Two UCSF professors were named today (March 21) as Howard Hughes Medical Institute investigators, a highly prized honor that carries significant, long-term research support.
The investigators are Joseph DeRisi, PhD, UCSF associate professor of biochemistry, and Kevan Shokat, PhD, UCSF professor of cellular and molecular pharmacology.
They are among 43 scientists from 31 institutions nationwide named as new recipients of the honor.

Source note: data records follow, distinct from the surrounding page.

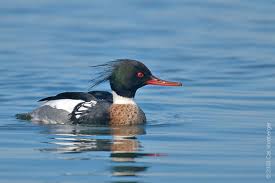 Attēlu rezultāti vaicājumam “Mergus serrator”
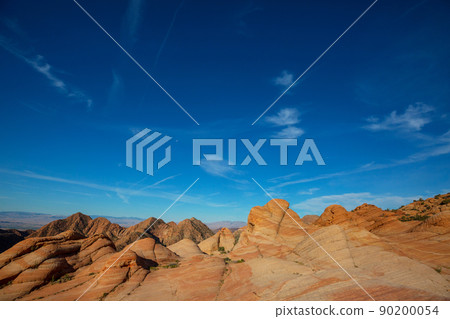 South coyote 90200054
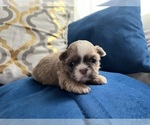 Small #1 Shih Tzu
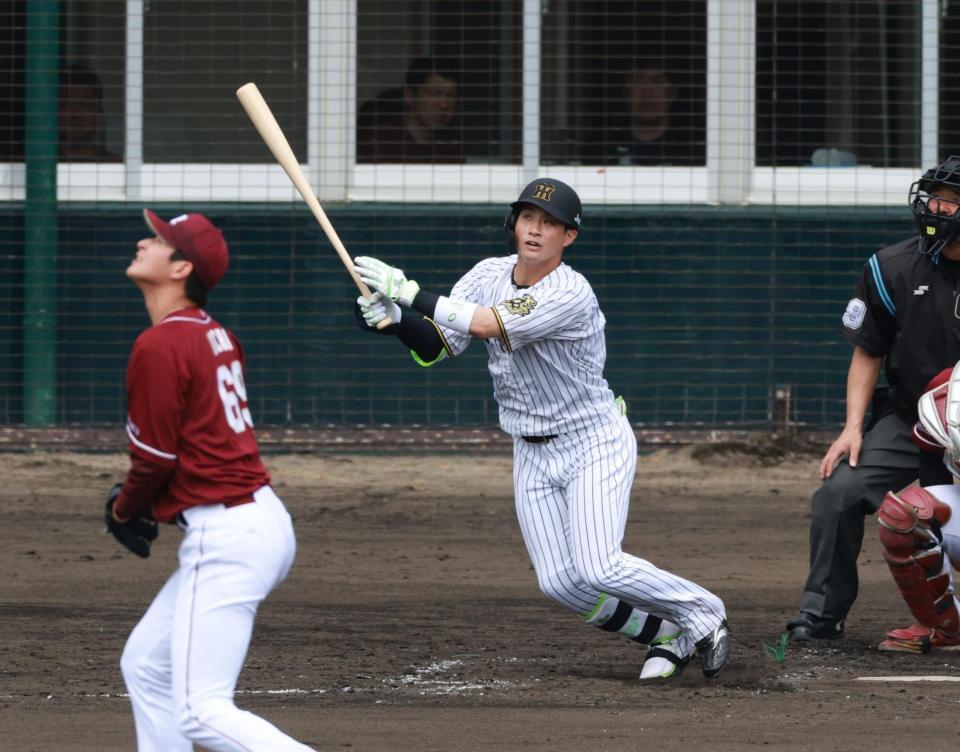 　２回、右越えソロ放つ木浪（撮影・金田祐二）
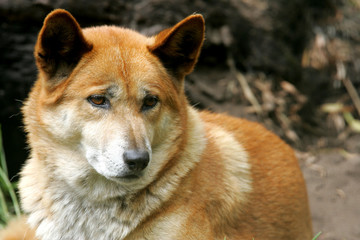 Australian Dingo
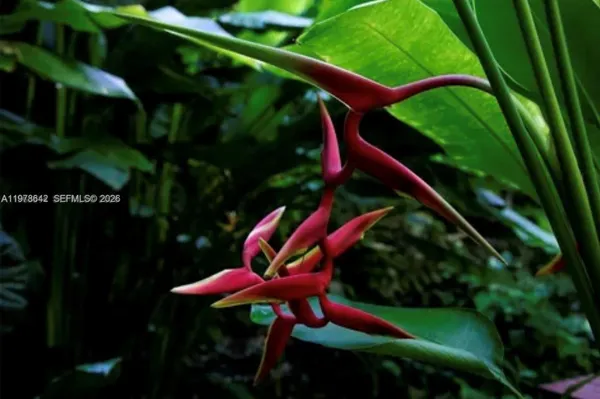 a view of an outdoor space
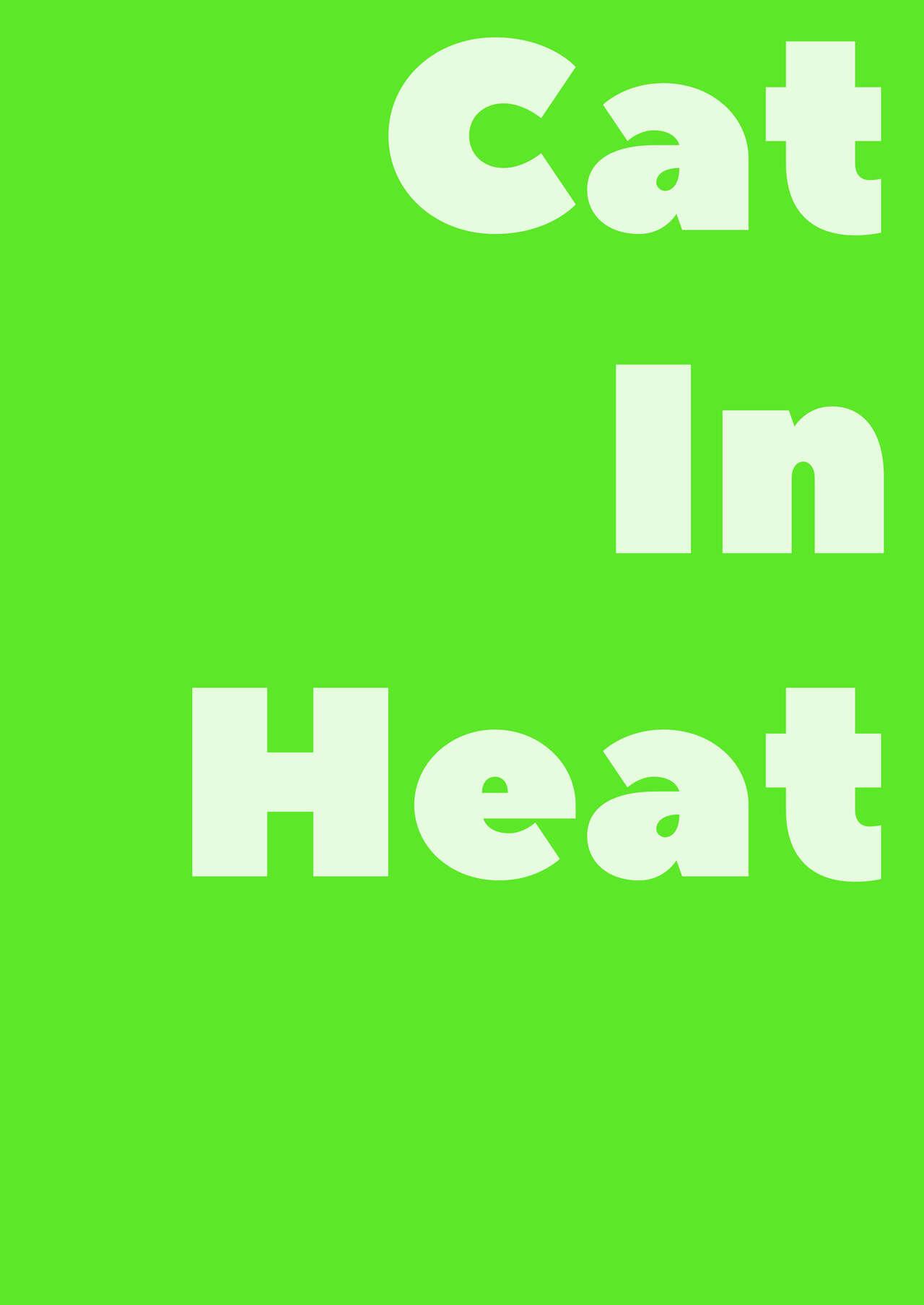 Cat In Heat 29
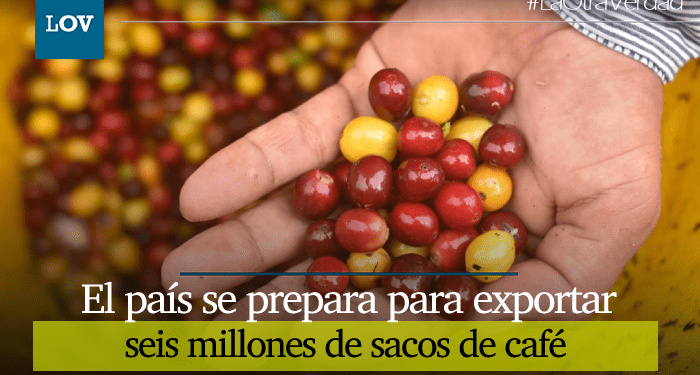 Colombia se alista para recoger más de 6 millones de sacos de café este primer semestre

At UCSF, 15 other UCSF scientists also hold the prestigious HHMI investigator status, among the highest number of any institution.
DeRisi, who holds the Gordon M. Tomkins Chair, helped pioneer the field of microarray technology, in which gene activity is revealed on a glass slide. He has used the microarrays he designed to make major advances in understanding such infectious diseases as SARS (severe acute respiratory syndrome) and malaria.
Shokat, a leader in the new field of chemical genetics, has developed a number of innovative techniques to tease apart the function of vital signaling molecules, called protein kinases, that are active in all cells. These proteins are responsible for most of the molecule-to-molecule communication in cells--cascades of signals that direct movement and metabolism, cancer and cell death.
Highlights of their research include:
JOSEPH DERISI -- In 2002, DeRisi and his former postdoctoral fellow used a microarray they had created--which can detect all known viruses and even those never seen before--to provide the confirming evidence that SARS was a novel form of a coronavirus. He is now using the tool to move in on other viruses, as well.
His greatest passion, however, is working to illuminate the life cycle and internal regulatory mechanisms of the malaria parasite, Plasmodium falciparum, which infects 200 to 300 million people world wide each year, mostly in tropical climates, such as sub Saharan Africa. The disease kills 700,000 to 2.7 million people annually, mostly children under the age of four.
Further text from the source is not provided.